Con la stessa consapevolezza e determinazione, la Fabbrica ha scelto di far riscoprire una ricchezza nascosta di Milano, il suo preziosissimo Archivio, dichiarato il 16 maggio 2012 d’interesse storico di particolare importanza dal Ministero per i Beni e le Attività Culturali, composto da oltre mezzo milione di fascicoli dal XIV ad oggi tutti da riscoprire: un autentico diario della città, scritto giorno per giorno dal popolo milanese.

L’inaugurazione, che si terrà il 4 novembre 2013, si completerà in un grande evento in programma alle 21.30 in Cattedrale, nato per riaffermare quei valori di condivisione e di partecipazione attiva che, attraverso la Fabbrica, hanno lanciato migliaia di uomini oltre le barriere del tempo e che abbiamo il dovere di affidare alle nuove generazioni: “History that made History - Il segno di Costantino a 1700 anni dall’Editto di Milano” che racconta, attraverso proiezioni con la tecnica del video mapping e musica, il viaggio della libertà di culto della religione cristiana.

La giornata del 5 novembre 2013 sarà strutturata attorno a un grande convegno di respiro internazionale, promosso dalla Veneranda Fabbrica nella Sala delle Colonne del Grande Museo del Duomo.
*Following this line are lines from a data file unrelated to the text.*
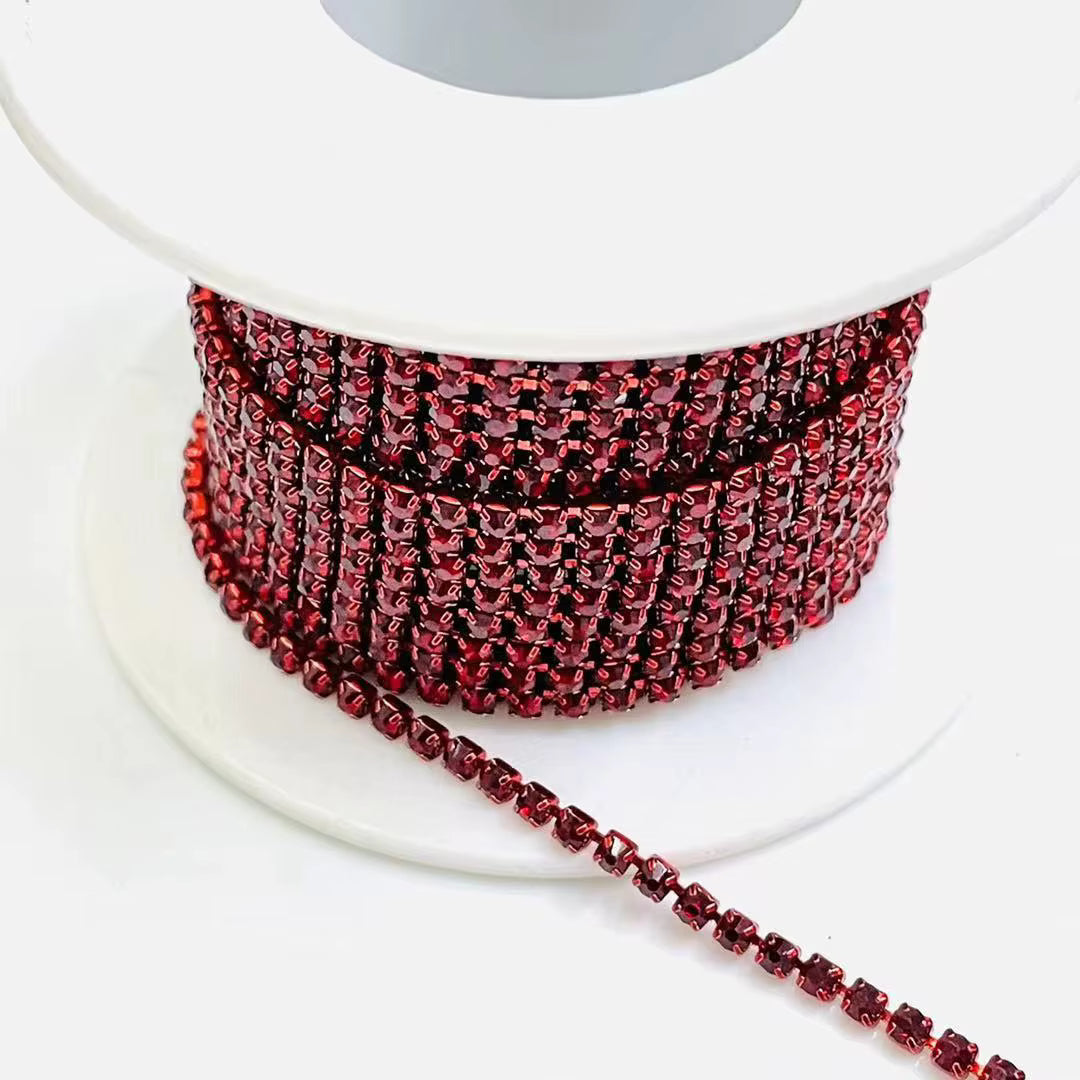 SS6/2mm Metal Rhinestone Banding 10 Yards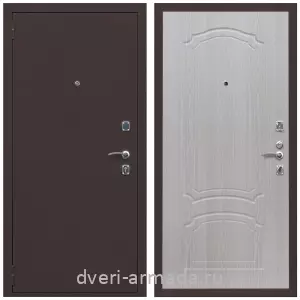 Входные двери 960х2050, Дверь входная Армада Комфорт Антик медь / МДФ 6 мм ФЛ-140 Дуб белёный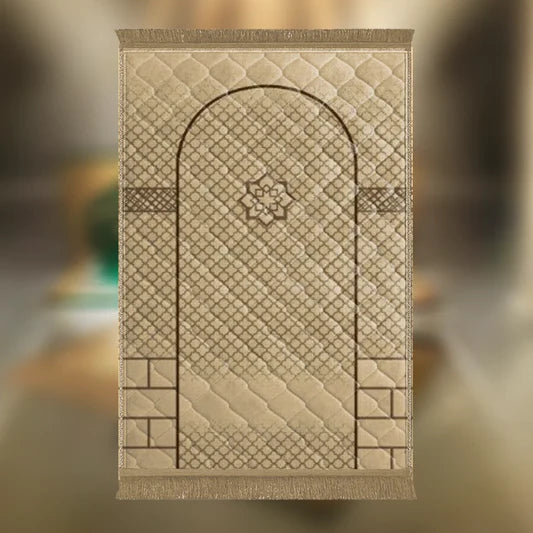 Beige Ghilaf & Flower - Barakah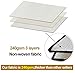 Clothes Blankets Storage bag for comforter, Breathable Home Organizers Bins Boxes Tidy Up Your Closets,Shelves, 240gsm thicker fabric with clear window, 2 Leather Handles,Set of 3 Beige
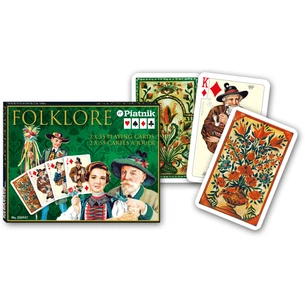 Гральні карти Piatnik Фольклор, 2 колоди х 55 карт (PT-216947) зображення 1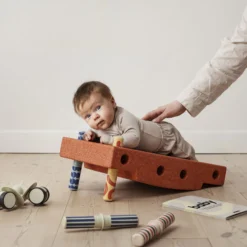 Baby motoriksæt, burnt orange/dusty green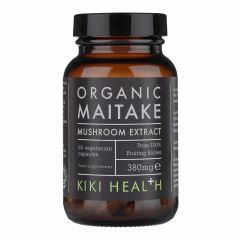 Kiki Health Organic Maitake Mushroom Extract 380mg - 60 Vegicaps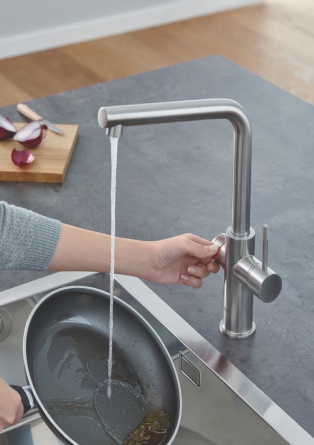 Смеситель Grohe Red II Duo 30325DC1 для кухонной мойки, с водонагревателем фото 5
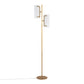 Rhonda Contemporary/Glam Floor Lamp in Gold Metal with White Shade By LumiSource | Floor Lamps | Modishstore - 8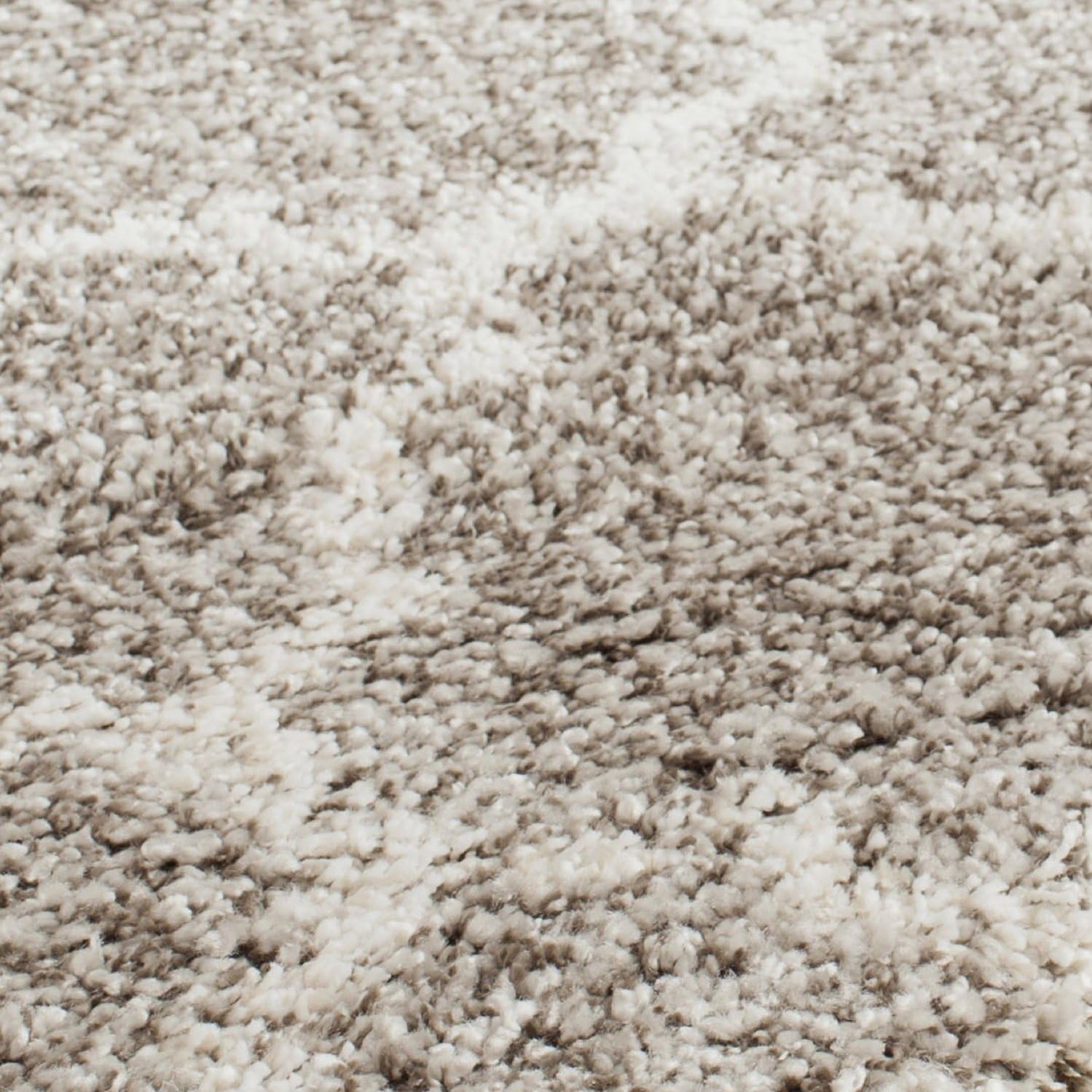 SAFAVIEH Hudson Shag Collection SGH282B – Alfombra de área marroquí redonda de 7 pies con diseño de enrejado que no desprende pelusa, para sala de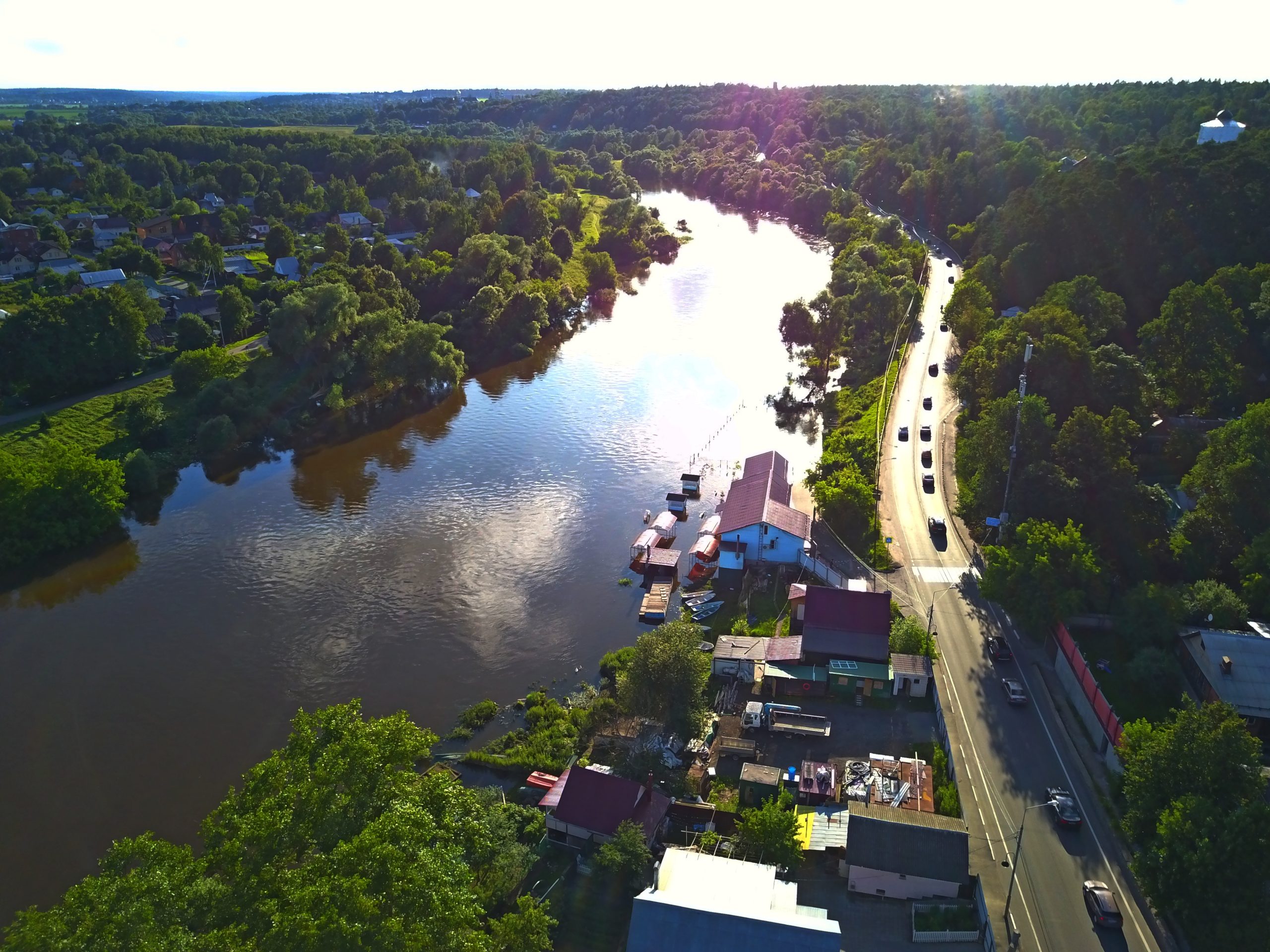 москва река в звенигороде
“Le colonne d’Europa. Identità e sviluppo economico delle Cattedrali nel tempo della crisi” metterà al centro il tema del Duomo come prezioso scrigno dell’identità religiosa e civica di Milano nel contesto europeo e come principale risorsa economica della città, il cui valore, secondo lo studio della Camera di Commercio di Monza e Brianza e di Anholt Brand Index, incide per una cifra di 82 miliardi di euro sui 400 totali della città di Milano. In tempo di crisi, prendersi cura di questo Monumento, significa investire nel territorio e nelle sue possibilità di crescita.

Chiamata a essere segno dell’identità europea, in occasione di Expo2015, la Cattedrale, come nei secoli precedenti, segnerà la sua presenza sul territorio tornando a essere protagonista della vita civile, meta obbligata del turismo e organismo vitale per l’economia lombarda.Con questa chiave di lettura, il Convegno porrà la questione centrale del valore economico e dei modelli di gestione delle Cattedrali e dei loro musei in Europa e di come questi scrigni di fede e di arte possano guidare la ripresa economica, rappresentando eccellenze e modelli virtuosi del contesto civile.